简体   繁体   English

简单的正则表达式匹配问题?

[英]Simple Regex match question?

I have a stringstream where it has many strings inside like this: 我有一个字符串流,其中有很多这样的字符串:

  <A style="FONT-WEIGHT: bold" id=thread_title_559960       href="http://microsoft.com/forum/f80/topicName-1234/">Beautiful Topic Name</A> </DIV> 

I am trying to get appropriate links that starts with: 我正在尝试以以下开头的适当链接:

style="FONT-WEIGHT: bold

So in the end I will have the link: 因此,最后我将具有以下链接:

http://microsoft.com/forum/f80/topicName-1234/

Topic Id:
    1234

Topic Display Name:
    Beautiful Topic Name

I am using this pattern, right now, but it doesn't do it all:
    "href=\"(?<url>.*?)\">(?<title>.*?)</A>"

Because there are other links that start with href. 因为还有其他以href开头的链接。

Also to use Regex, I added all lines in a single line of string. 同样使用正则表达式,我在一行字符串中添加了所有行。 Does regex care about new lines? 正则表达式是否关心新行? IE can it continue to match for strings that span multiple lines? IE浏览器可以继续匹配跨越多行的字符串吗?

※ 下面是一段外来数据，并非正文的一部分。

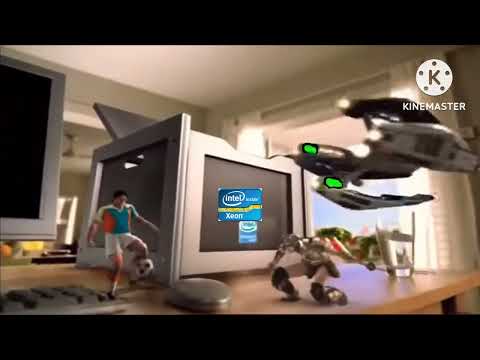 Evolution intel Grey box Commercials (2003-2025)
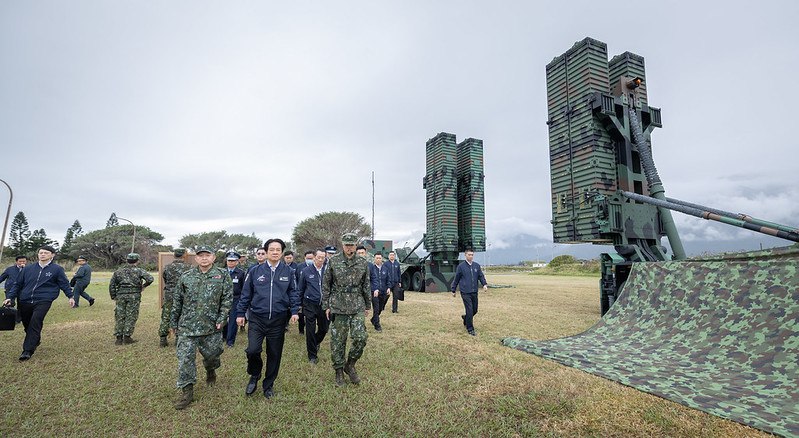 Taiwan Review tweet media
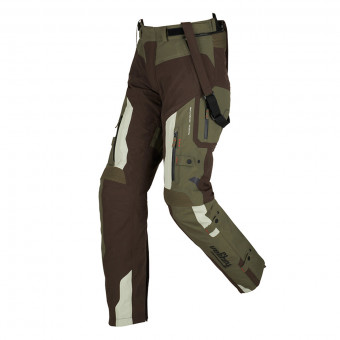 Pantalone moto Furygan Discovery Coffee Pearl Kaki Pant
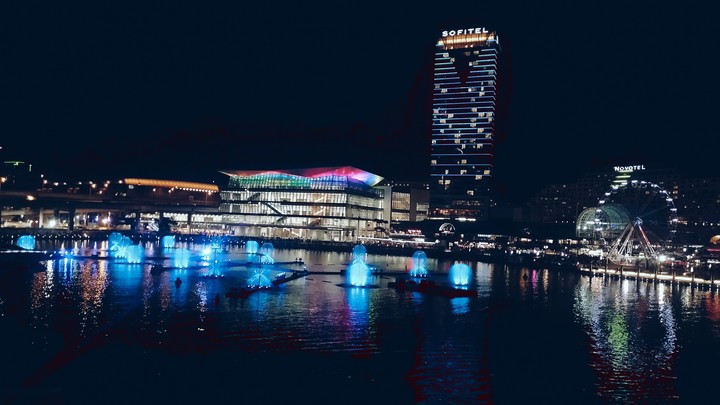 sydney night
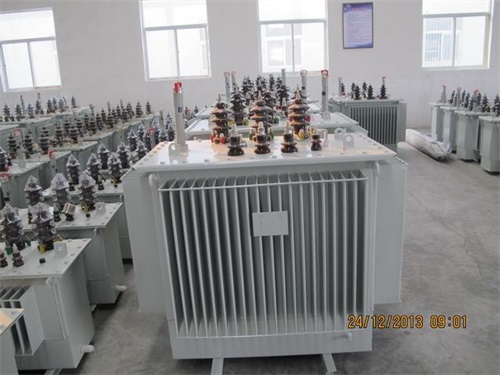 S11-1250KVA/35KV/10KV/0.4KV油浸式變壓器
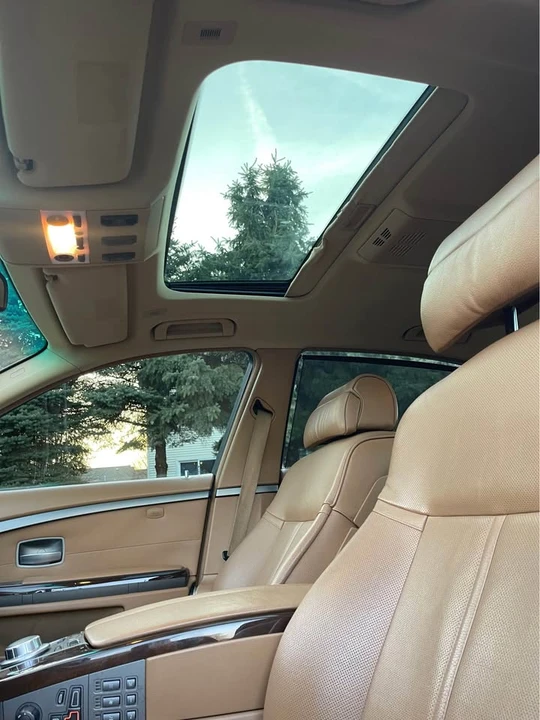 2008 BMW E65/E66 750i & 760i Sedan - Image 8 of 20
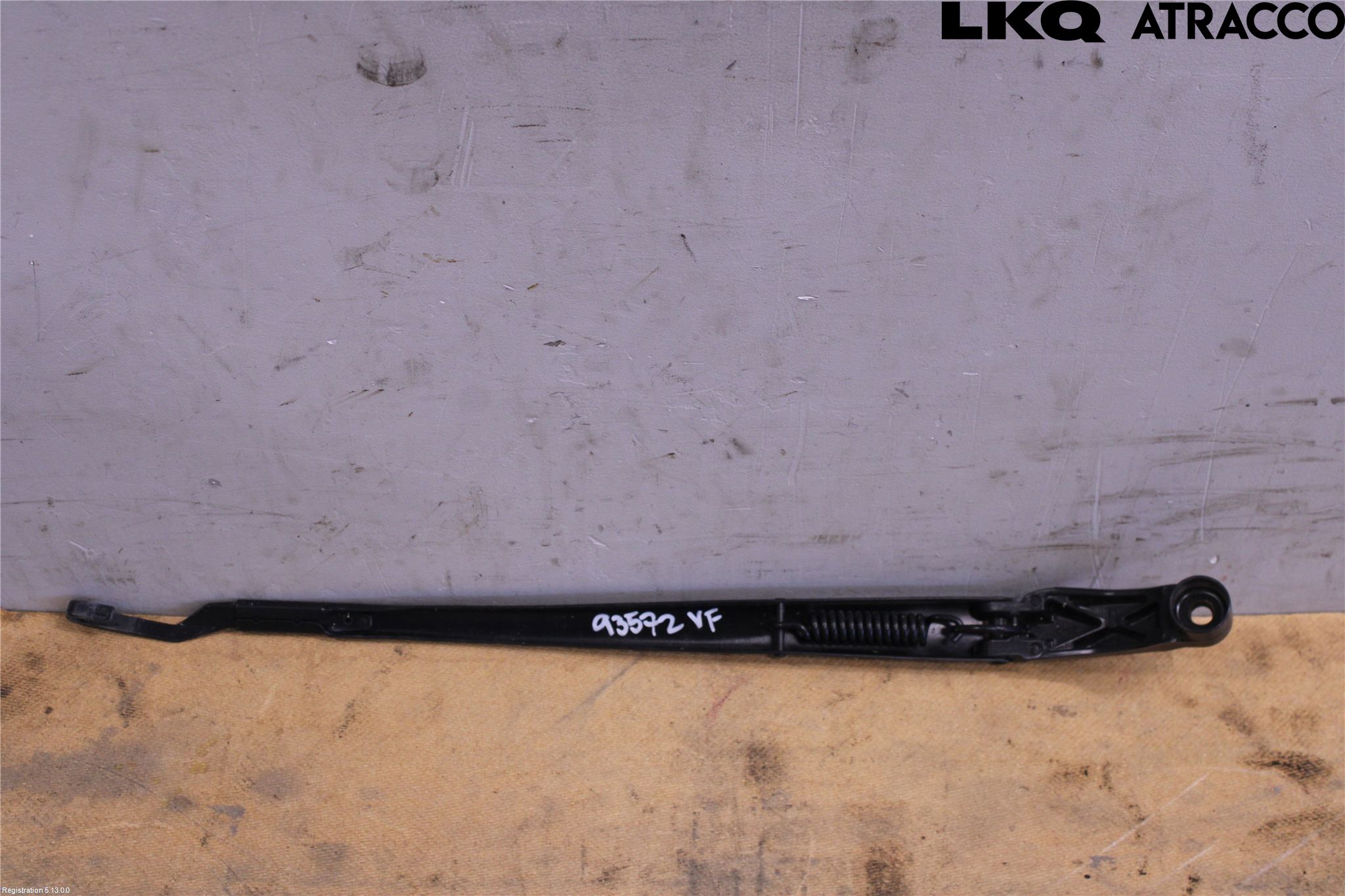 Toyota AURIS 13-19 Torkararm Armar Vindruta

Please help me with the pattern. 请帮助我的模式。

In regular expression the dot wildcard does not match newlines. 在正则表达式中,点通配符与换行符匹配。 If you want to match any character including newlines, use [^\\x00] instead of . 如果要匹配包括换行符在内的任何字符,请使用[^\\x00]代替. . This matches everything except the null character, which means it matches everything. 这匹配除空字符以外的所有内容,这意味着它与所有内容匹配。

Try this: 尝试这个:

<A\s+style="FONT-WEIGHT: bold"\s+id=(\S+)\s+href="([^"]*)">([^\x00]*?)</A>

If you're trying to assign this to a string using double quotes, you'll need to escape the quotes and backslashes. 如果尝试使用双引号将其分配给字符串,则需要转义引号和反斜杠。 It'll look something like this: 它看起来像这样:

myVar = "<A\\s+style=\"FONT-WEIGHT: bold\"\\s+id=(\\S+)\\s+href=\"([^\"]*)\">([^\\x00]*?)</A>";

You can make the . 您可以制作. in a pattern match newlines by using the RegexOptions.Singleline enumeration: 通过使用RegexOptions.Singleline枚举,在模式中匹配换行符:

Specifies single-line mode. 指定单行模式。 Changes the meaning of the dot (.) so it matches every character (instead of every character except \\n). 更改点(。)的含义,使其匹配每个字符(而不是\\ n以外的每个字符)。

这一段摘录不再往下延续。